──────── Collected material

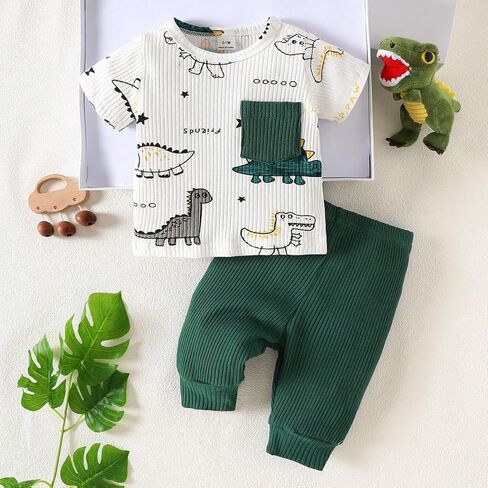 Baby Boy Dinosaur Outfits 2Pcs Infant Short Sleeve Top and Ribbed Pants Set Newborn Clothing Set Dark Green in Saudi Arabia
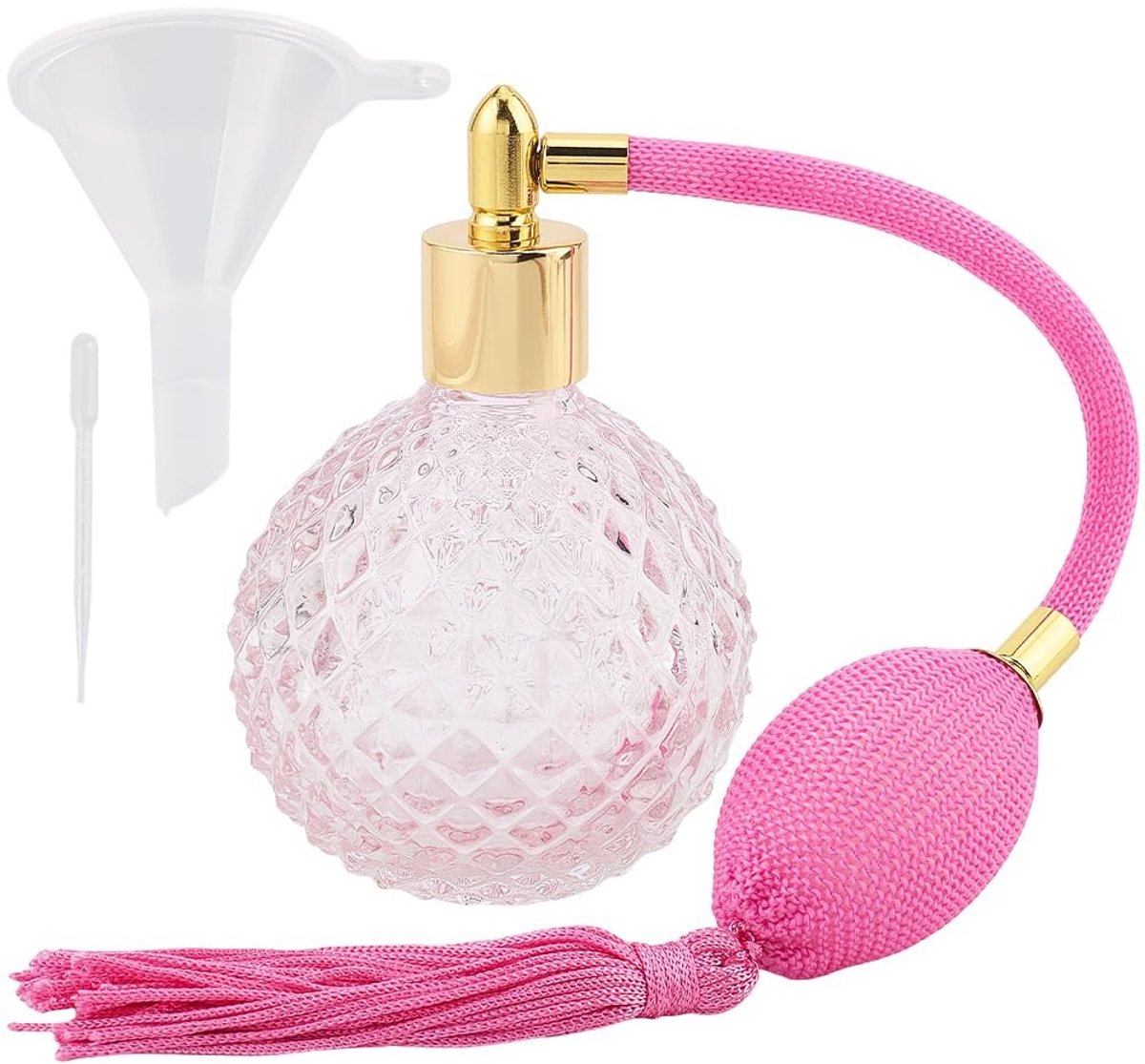 Dailygoods - 100ml Roze Vintage Parfumfles met Verstuiver en Trechter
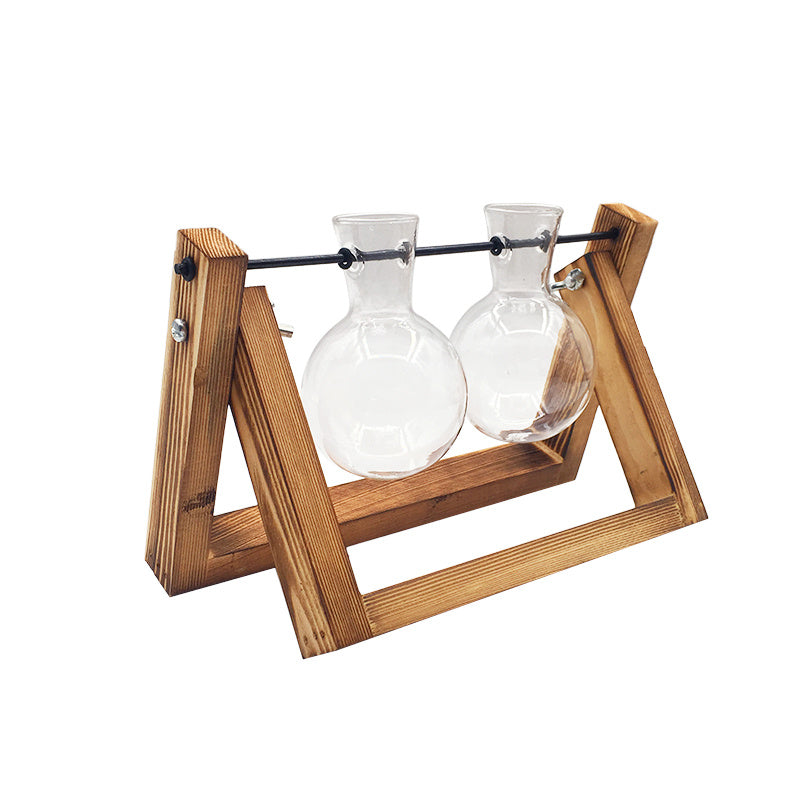 Conteneur pour plantes hydroponiques avec support en bois - Vase en verre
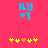 Pixelated blue text 'ILY' above a heart symbol and '3' on a bright pink background with yellow and orange star-like shapes below.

────────────────

__What this task involves__. Leaving the pictures aside, repeat the data above exactly.

__Response below__.
 Baby Boy Dinosaur Outfits 2Pcs Infant Short Sleeve Top and Ribbed Pants Set Newborn Clothing Set Dark Green in Saudi Arabia
 Dailygoods - 100ml Roze Vintage Parfumfles met Verstuiver en Trechter
 Conteneur pour plantes hydroponiques avec support en bois - Vase en verre
 Pixelated blue text 'ILY' above a heart symbol and '3' on a bright pink background with yellow and orange star-like shapes below.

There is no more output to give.